*Task goal*. Please give back each line below unchanged; none of the pictures should appear.
═══ Data section ═══
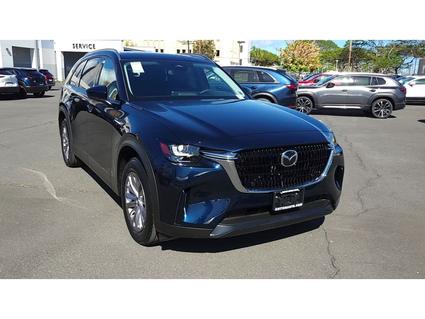 2025 Mazda CX-90 PHEV Honolulu HI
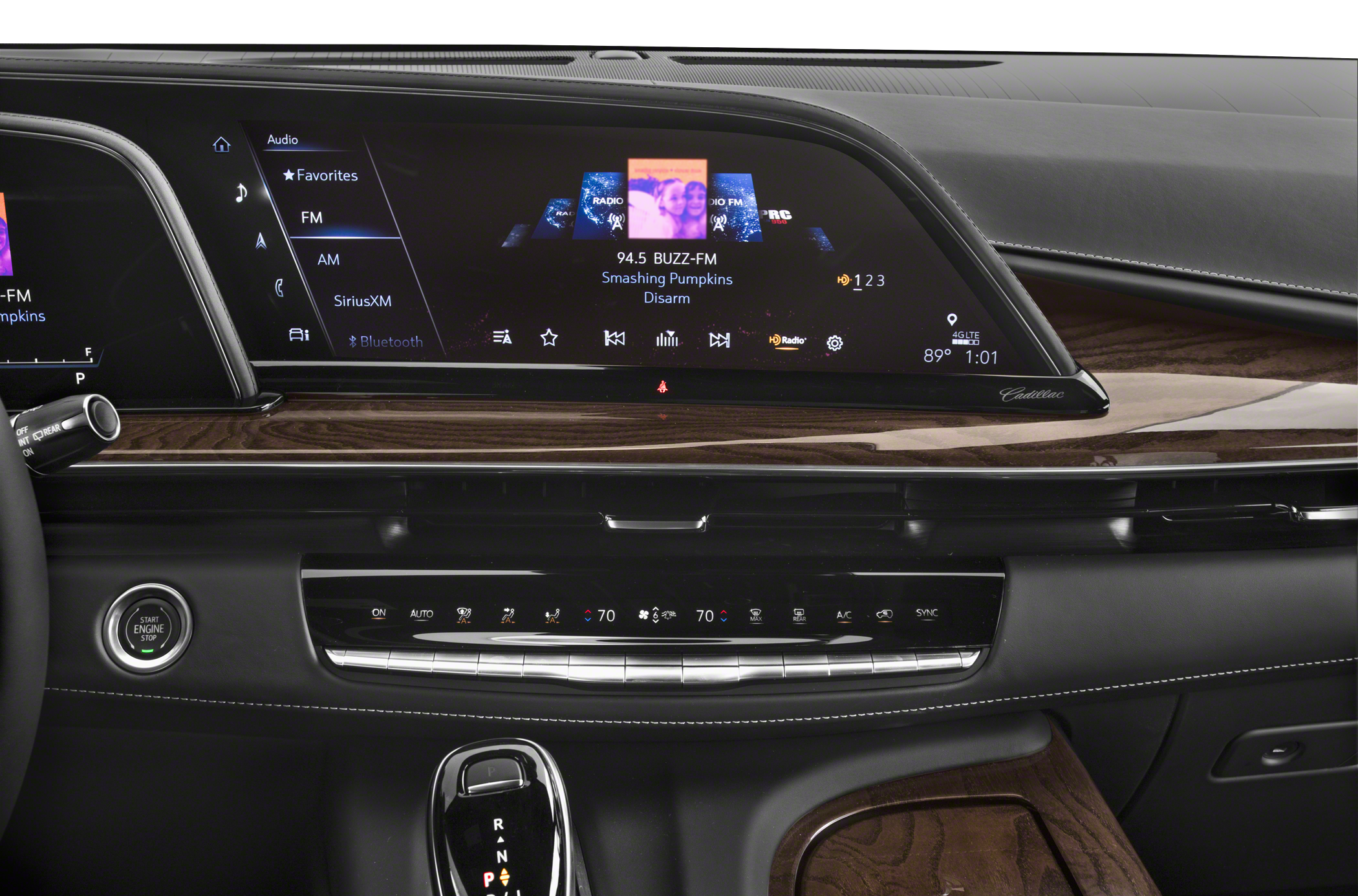 2022 Cadillac Escalade
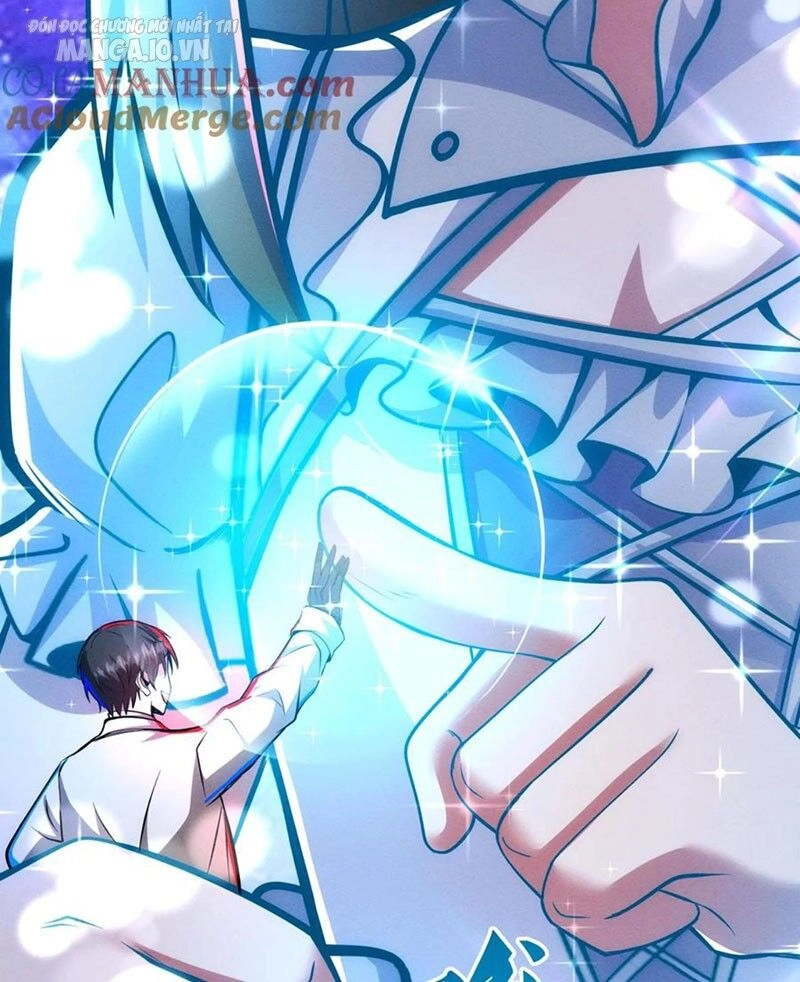 Dược Sư Kì Lạ: Bệnh Nhân Của Tôi Đều Rất Khủng Bố Chapter 188 - 33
═══
*Exercise result*.
 2025 Mazda CX-90 PHEV Honolulu HI
 2022 Cadillac Escalade
 Dược Sư Kì Lạ: Bệnh Nhân Của Tôi Đều Rất Khủng Bố Chapter 188 - 33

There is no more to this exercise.